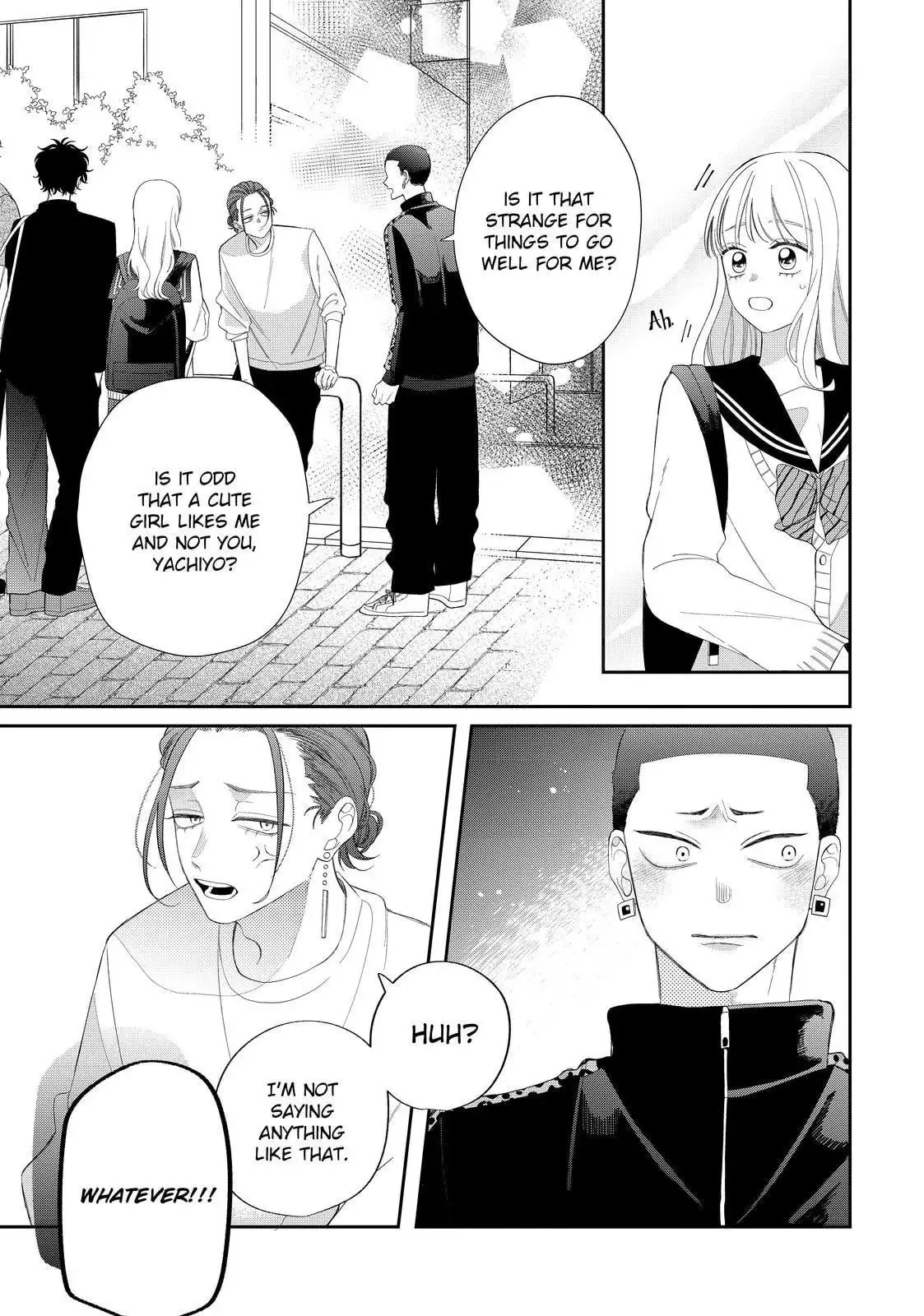 Glasses with a Chance of Delinquent - Chapter 28.1 - Page 9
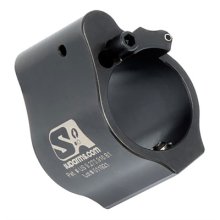 AR-15 SOLID ADJUSTABLE GAS BLOCK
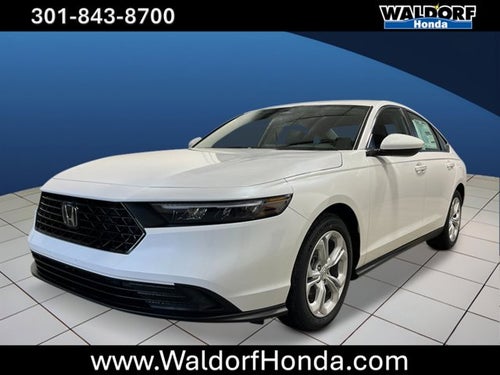 2026 Honda Accord Sedan LX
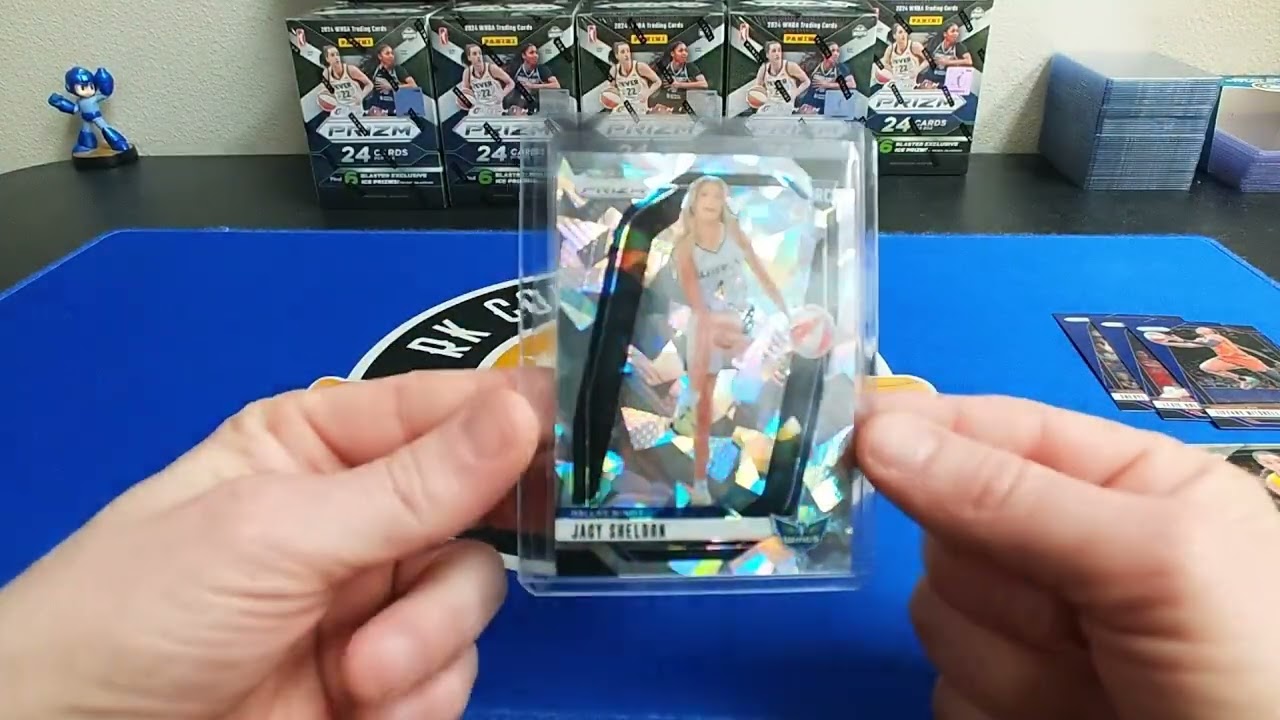 2024 Panini Prizm WNBA Blaster Break #1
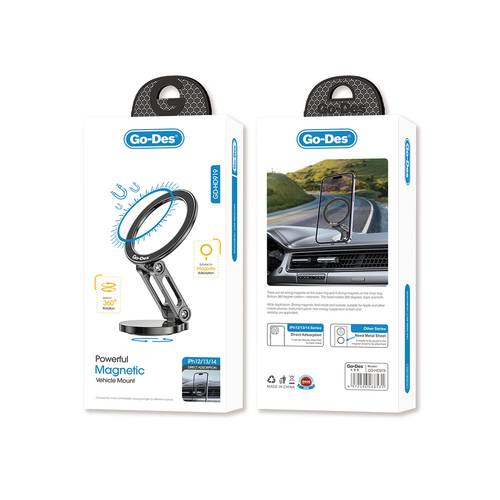 Go-Des Powerful Magnetic Mobile Vehicle Mount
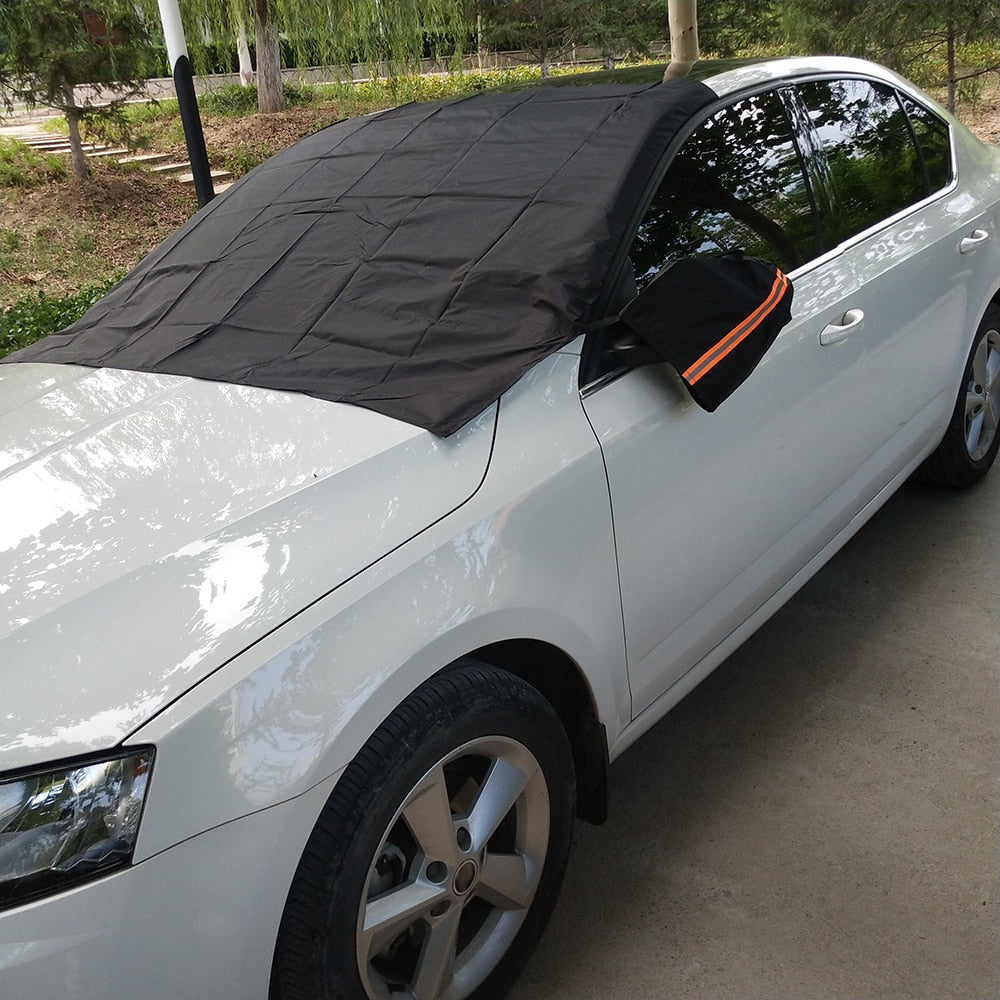 (🎄Early Christmas Sale - 49% OFF) Anti-Snow Car Windscreen Cover, 🔥BUY 2 FREE SHIPPING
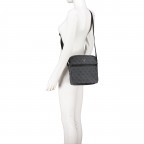 Umhängetasche Vezzola Military Green Black, Farbe: grün/oliv, Marke: Guess, EAN: 7622078993621, Abmessungen in cm: 22x22x6, Bild 4 von 7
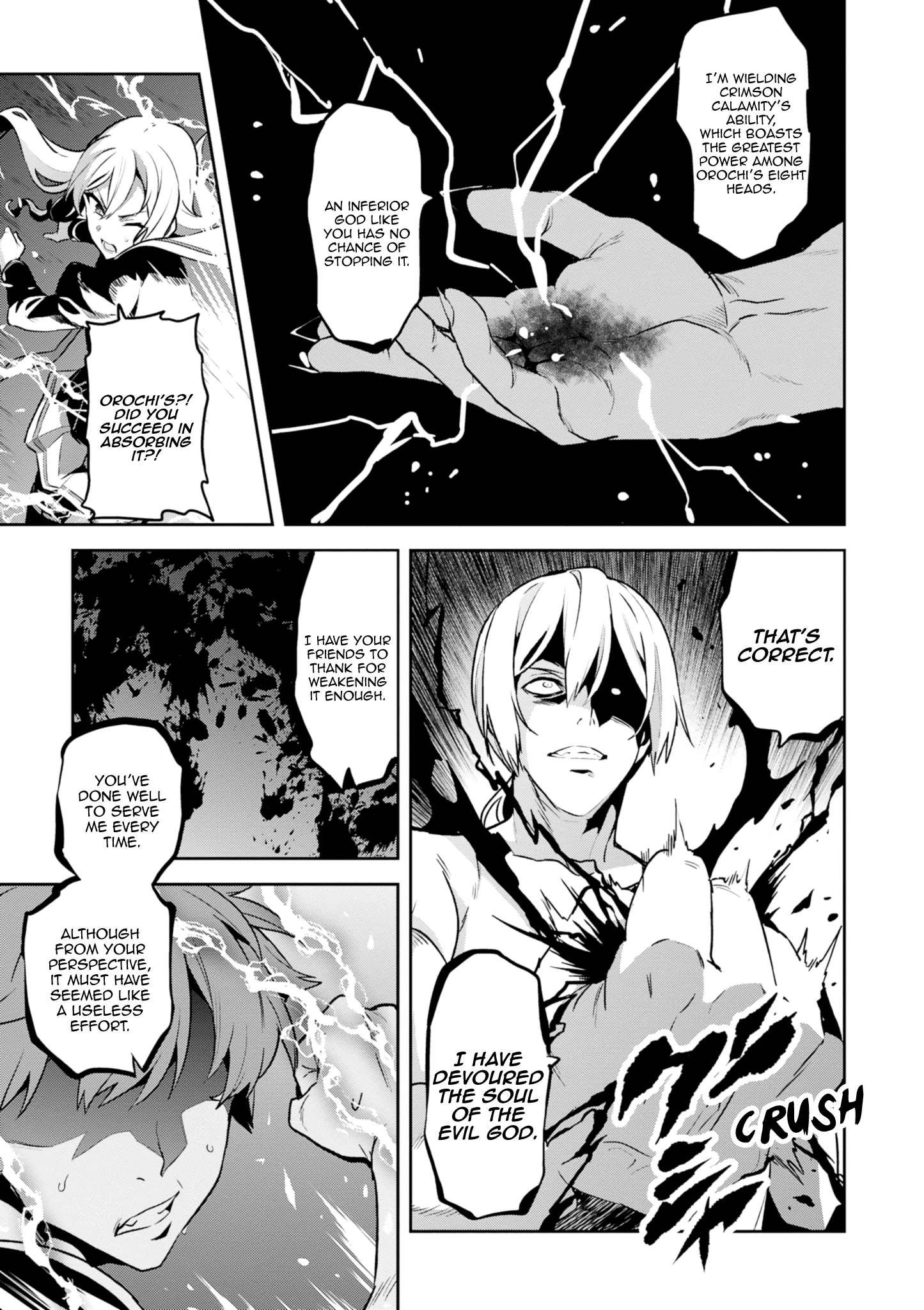 Maken-Ki! chapter 118 - page 22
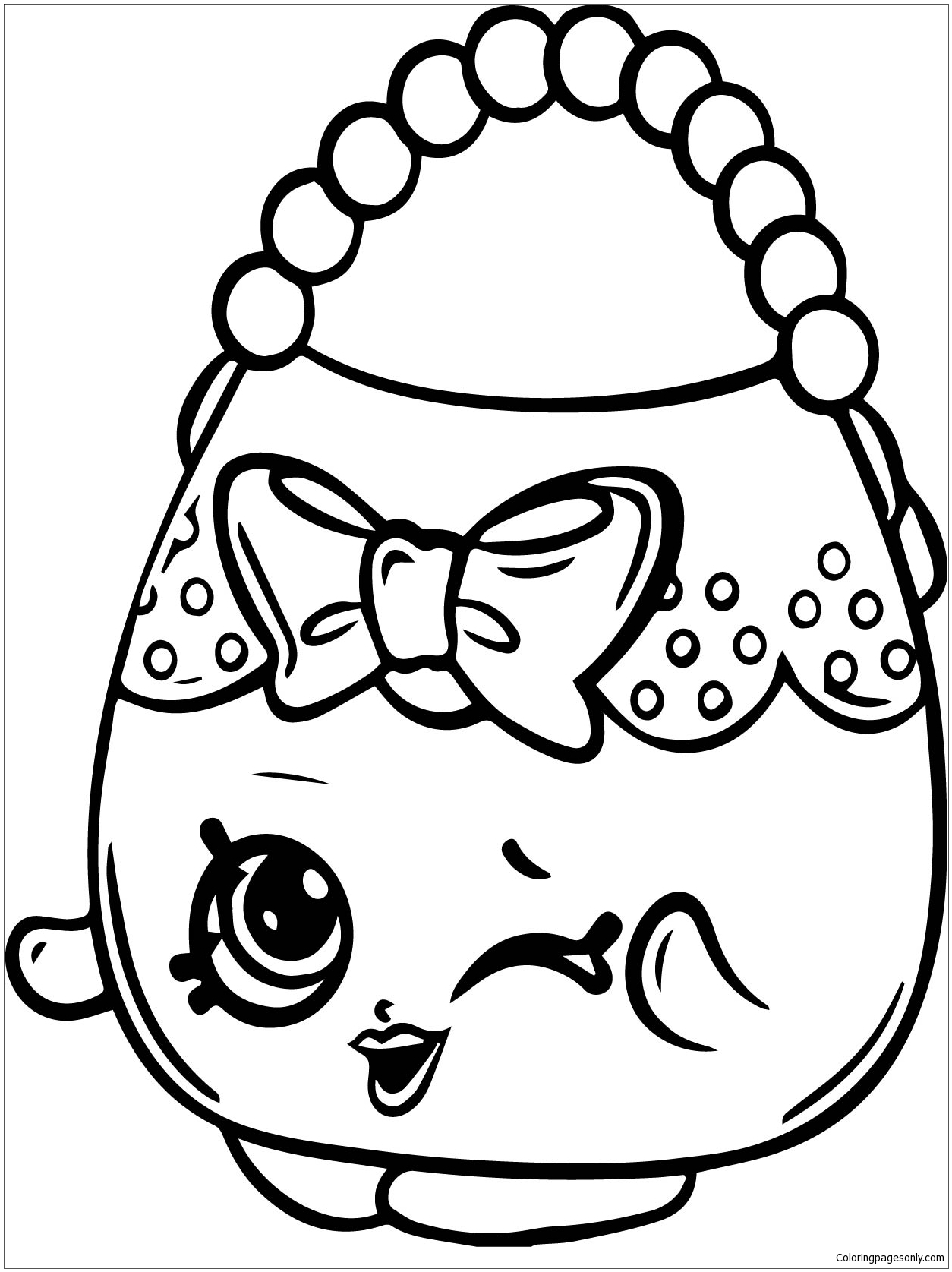 1254x1675 Best Of Shopkins Coloring Pages Page 43 Of 77 Shopkins Coloring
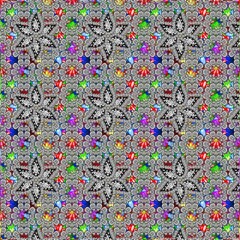 seamless floral pattern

━━━━━━━━━━━━━━━━━━━━

* _WORK ITEM_
Can the entries above be repeated exactly, without their pictures?

* _EXERCISE SOLUTION_
 Glasses with a Chance of Delinquent - Chapter 28.1 - Page 9
 AR-15 SOLID ADJUSTABLE GAS BLOCK
 2026 Honda Accord Sedan LX
 2024 Panini Prizm WNBA Blaster Break #1
 Go-Des Powerful Magnetic Mobile Vehicle Mount
 (🎄Early Christmas Sale - 49% OFF) Anti-Snow Car Windscreen Cover, 🔥BUY 2 FREE SHIPPING
 Umhängetasche Vezzola Military Green Black, Farbe: grün/oliv, Marke: Guess, EAN: 7622078993621, Abmessungen in cm: 22x22x6, Bild 4 von 7
 Maken-Ki! chapter 118 - page 22
 1254x1675 Best Of Shopkins Coloring Pages Page 43 Of 77 Shopkins Coloring
 seamless floral pattern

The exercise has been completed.